Rosuvastatin/calcium carbonate co-precipitated nanoparticles: A novel synergistic approach enhancing local bone regeneration in osteoporotic rat model

[Display omitted] •Rosuvastatin, Ru, nanocrystals are co-precipitated on calcium carbonate, CC, nanoparticles.•Ru/CC nanoparticles enhance bone healing, improve bone microarchitecture, increase trabecular bone area, enhance osteogenic gene expression, and reduce osteoclast activity.•Ru/CC nanoparticles is a promising therapeutic approach for enhancing bone regeneration in osteoporosis. This study aimed at preparing sustained release rosuvastatin (Ru) calcium carbonate (CC) co-precipitate nano-formulation for local intra-osseous application in osteoporotic rats. Nano-formulations were prepared by the co-precipitation method using different concentrations of polyvinyl alcohol (PVA) (0.2, 0.4, 0.6 %) as a stabilizer and equimolar ratios of calcium chloride and calcium carbonate (0.1, 0.3 or 0.5 M). Pre-formulation examination including; FTIR and X-ray diffraction confirmed the formation of CC nanoparticles in a crystalline structure that was preserved before and after loading with Ru. The optimized formula showing; PS of 105.71 ± 5.10 nm, PDI of 0.25 ± 0.02, ZP of −44.70 ± 0.09 mV, % EE of 60.16 ± 1.58 and a quasi-spherical nanoparticle with nano-deposition of Ru crystals adsorbed on them as seen under TEM and SEM, was then integrated in 20 % Pluronic gel.
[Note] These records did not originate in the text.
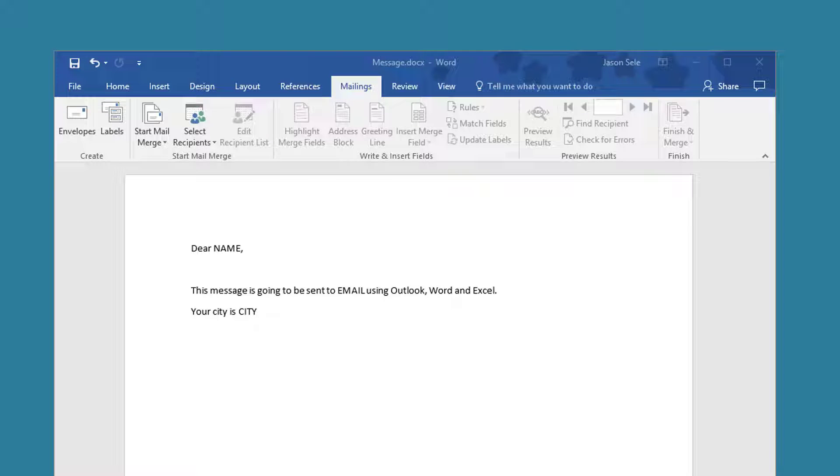This tutorial is to show you how you can send mass emails from Outlook 2016 or earlier using Word to create your email form and Excel as your data source.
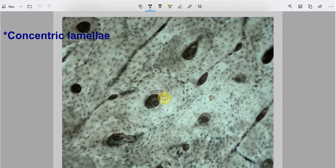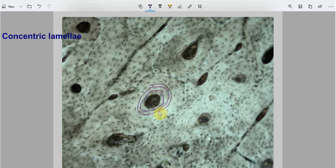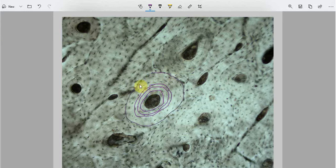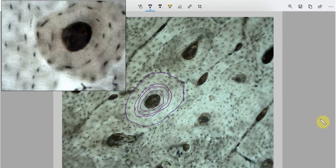You can see here these layers are in a circular pattern. They are known as concentric lamellae. This is the outermost layer. Here is another concentric lamella, and there are multiple concentric lamellae visible throughout. Now you can see the concentric lamellae on higher magnification.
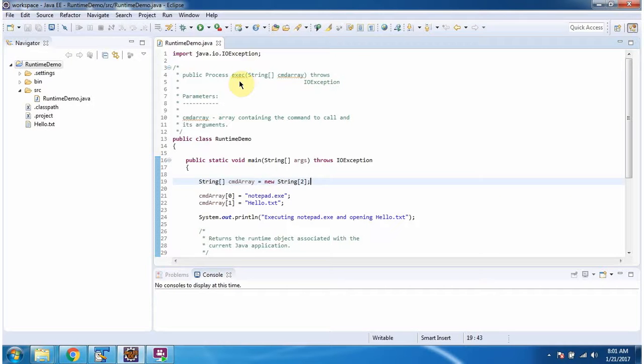Hi, in this video tutorial I will cover the execute method which accepts a command array.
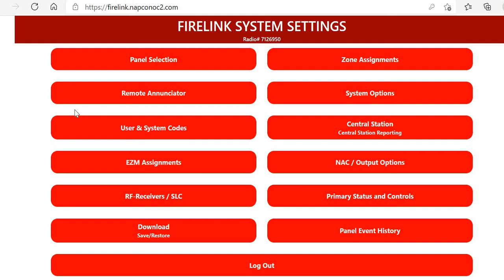Hello everybody, this is Jesse from Napco tech support. In this video we're going to go over how to program zones on your Firelink system using the web-based programming.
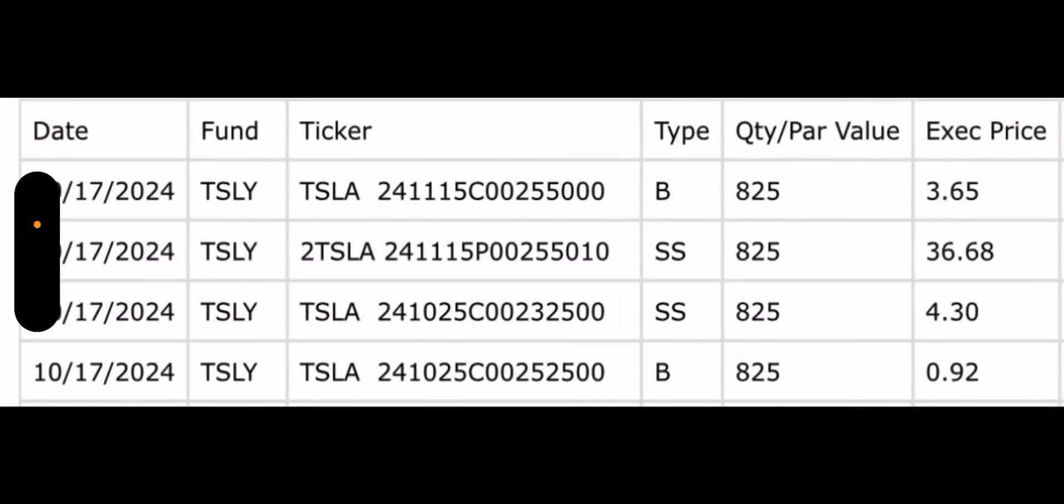Good morning, everyone. Today is Friday, October 18th. It's also payday if you buy any of these weekly funds, and it's also expiration day. So today we will cover the trades for YieldMax funds: TSLY, CONY, NVIDIA, MSTY, and AMZY. So let's get to it.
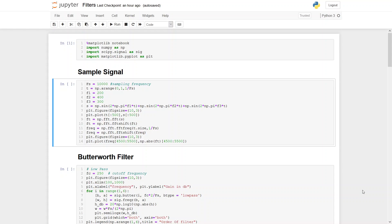The final topic for this workshop is filters. Here I have prepared a demo using Python to show how different kinds of filters work. I've included some Python libraries such as NumPy, SciPy Signal, and Matplotlib, which will help demonstrate different aspects of filters.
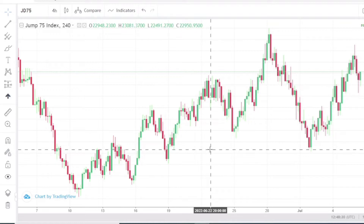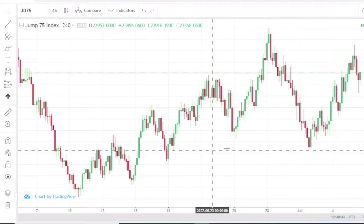I want everyone watching this video right now to do yourself a favor — relax and watch from beginning to the end. Make sure you grab all the necessary information I want to share here today, because this is vital information. I want you guys to make use of it properly to start trading the Jump 75 Index successfully and profitably.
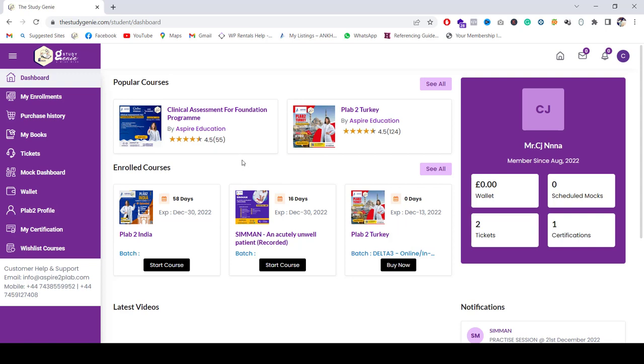It will also show you the expiry date, for example, with the days 58 days, and then if there's anything else that you booked, 16 days. But if you've not enrolled in any courses, then you won't see anything, that means that you will have to purchase.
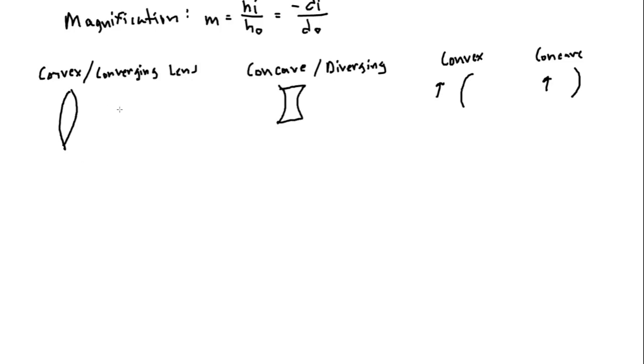Convex lenses are used a lot of times in magnifying glasses and they produce virtual images, images that are larger depending on where they are in the focal length. And again, we're going to look at that. And yeah, so those are the four types of lenses and mirrors that you'll be dealing with.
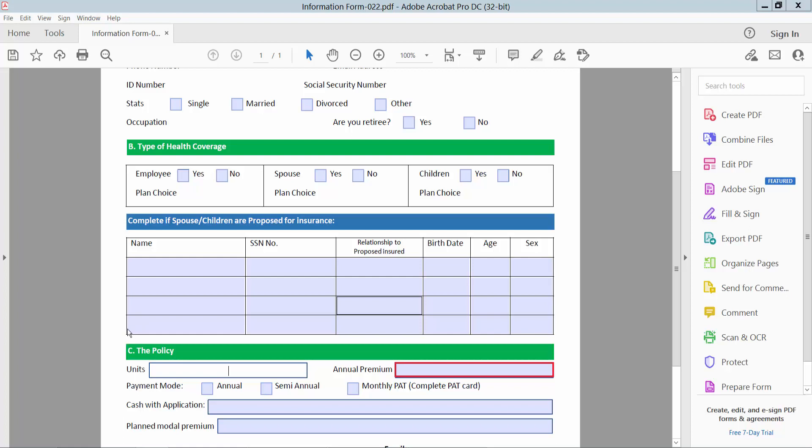Hello everyone. Today I will show you how to center text in a fillable text field using Adobe Acrobat Pro DC.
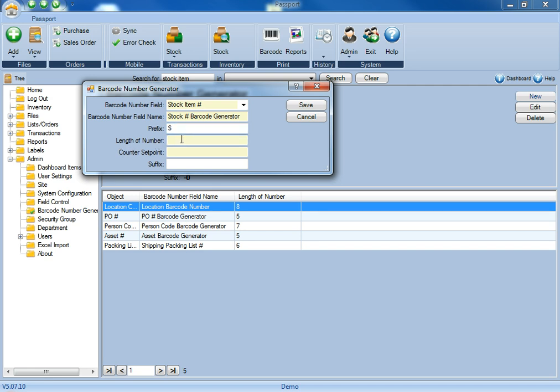The length of number is exactly that. It's going to be how many digits or how many characters would you like this barcode generator to be. So for this, we're going to say 5,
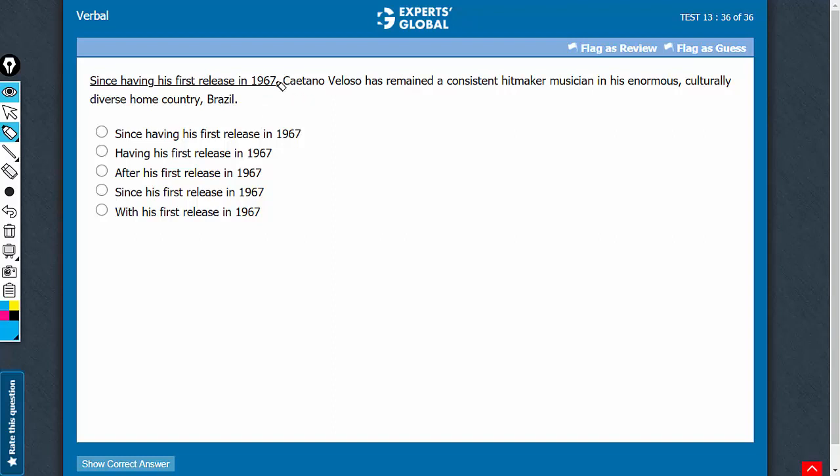Meaning is crucial here. The meaning is that since 1967, this person has remained a consistent hitmaker musician. When it's about a point in time, since is the right usage.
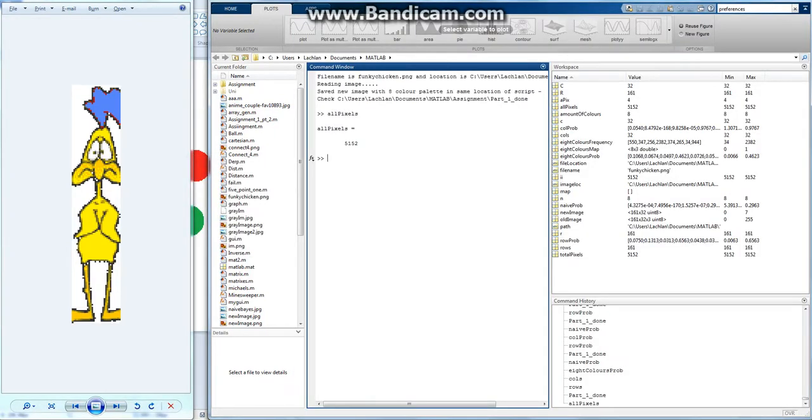Yep, it's got 5000, so I counted every single pixel. And next video I will implement the naive Bayes classifier and reconstruct the image.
The Ru-gel exhibited good rheological behavior with a short gelation time of 20 sec and a sustained release pattern of 30 % for the optimized Ru/CC gel versus ≈ 90 % for the Ru/CC dispersion after 6 h. In-vivo, ovariectomy-induced osteoporotic rats were used to cause a bone defect in the tibial metaphysis. The drill-hole defects were then filled with the formulations under test and examined 30 days postoperatively. Through SEM-EDX scanning, histological assessments, and evaluation of bone metabolic markers, Ru/CC treatment significantly enhanced bone healing, improved bone microarchitecture, increased trabecular bone area, enhanced osteogenic gene expression, and reduced osteoclast activity. Experiments proved that Ru/CC successfully enhances osteogenesis and reduces osteoclastogenesis, proposing it as a promising therapeutic approach for enhancing bone regeneration in osteoporosis.